Source: Institute of Fisheries Management

 

The area for  assessment covers about one-third of the sea within six miles of English beaches where there are 89 separate European maritime sites (EMS) protected under European Union law from damage caused by existing or future fishing.

Rob Clark, chief officer of the Southern Inshore Fisheries and Conservation Authority (SIFCA) said that the revised approach to the management of commercial fishing within these maritime sites would ensure EU rules are fully met and inshore fisheries are sustainable.

“Building on existing management measures will ensure that all existing and potential commercial fishing is subject to an assessment of their impact on the sites,” he told the annual conference of the Institute of Fisheries Management (IFM) in Liverpool. 
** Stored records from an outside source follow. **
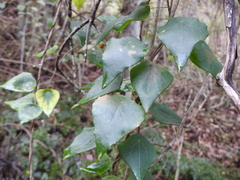 Echinostephia aculeata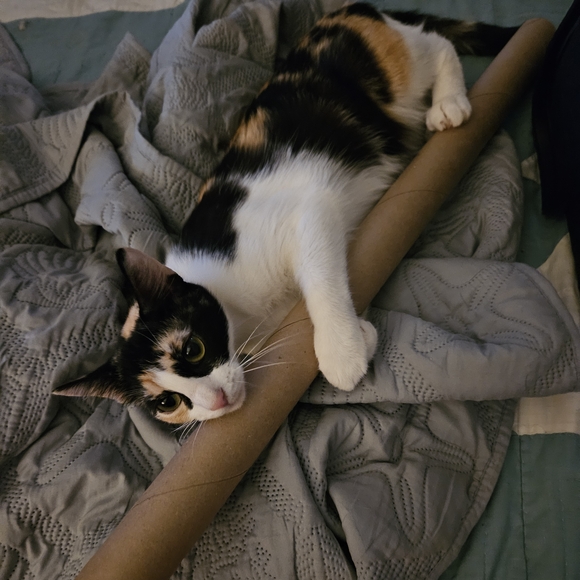 Shipping Label - Picture 3 of 3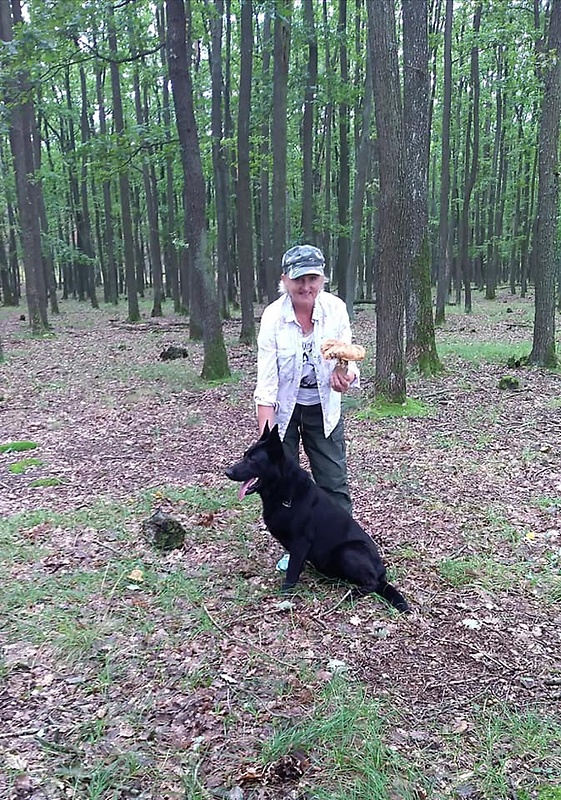 hríb dubový Boletus reticulatus Schaeff.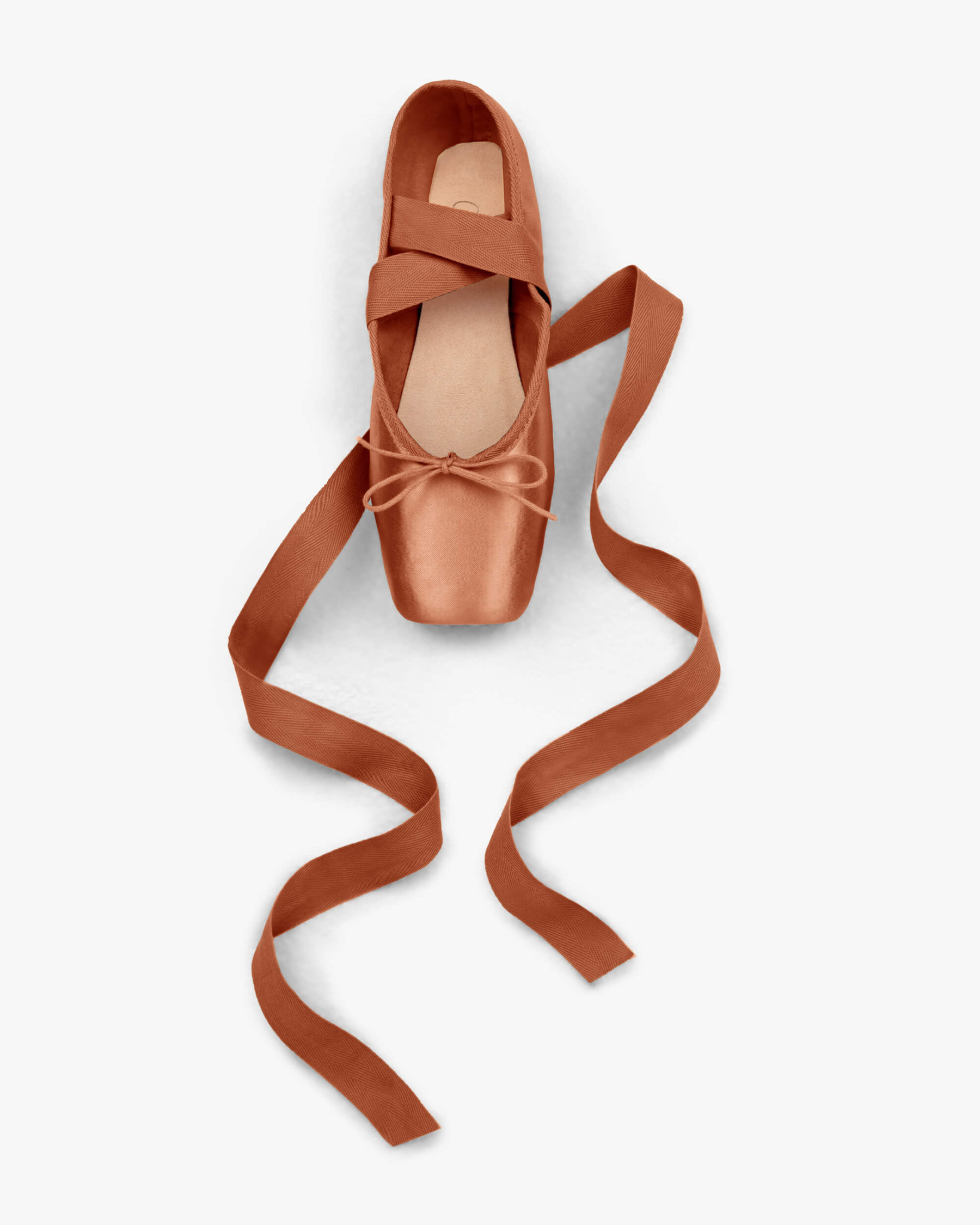 Alicia pointe shoes - Large box Hard sole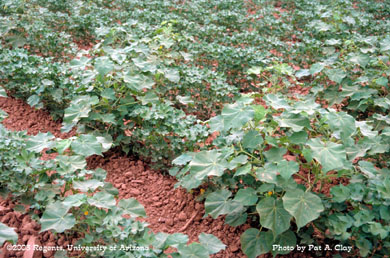 Photo of a velvetleaf 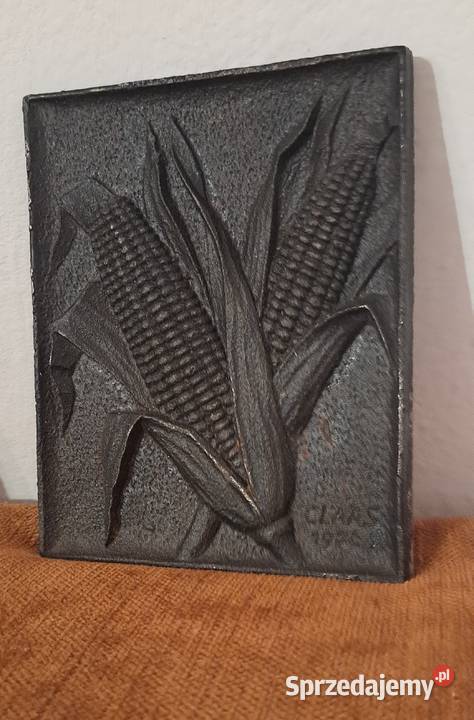 płytki żeliwne do powieszenia na ścianie 5 sztuk Warszawa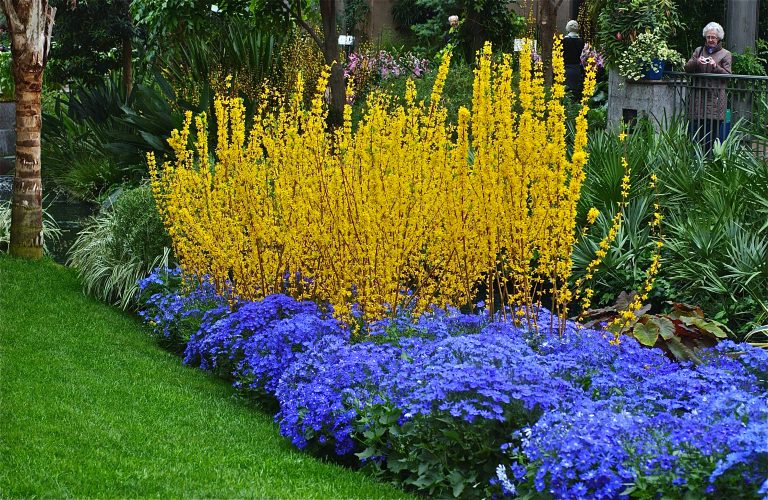 Longwood Gardens; Floral Details; Kennett Square, Pennsylvania, USA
Revised management rules would meet EU directives which called for seabed habitats and species in them to be restored to a “favourable conservation status” and for activities which would “significantly disturb or deteriorate them” to be prohibited. An existing matrix-type approach showing the effect of fishing gears on conservation objectives is being used to enable regulators to decide if priority management measures should be introduced to protect a site, or whether further assessment was necessary.

Fishing activities have been classified as red, amber, green or blue according to the potential or actual impact of fishing gear on a site.

IFCAs have already introduced byelaws restricting potentially damaging fishing from some 5,680 square kilometres of the most important near shore areas classified as red risks, and the Department for Environment, Food and Rural Affairs (Defra) expects measures to address amber risks to be in place by 2016.

Mr. Clark said there was still a significant amount of work to be done by the 10 IFCAs and their partners covering the whole English coast, to deliver the government’s commitments for lower risk fishing activities in these areas.

Amber risks would be at sites where there was doubt whether conservation objectives would be achieved because of its sensitivity to a type of fishing.  The effect of that activity would need to be assessed at each site affected and management action taken based on the assessment.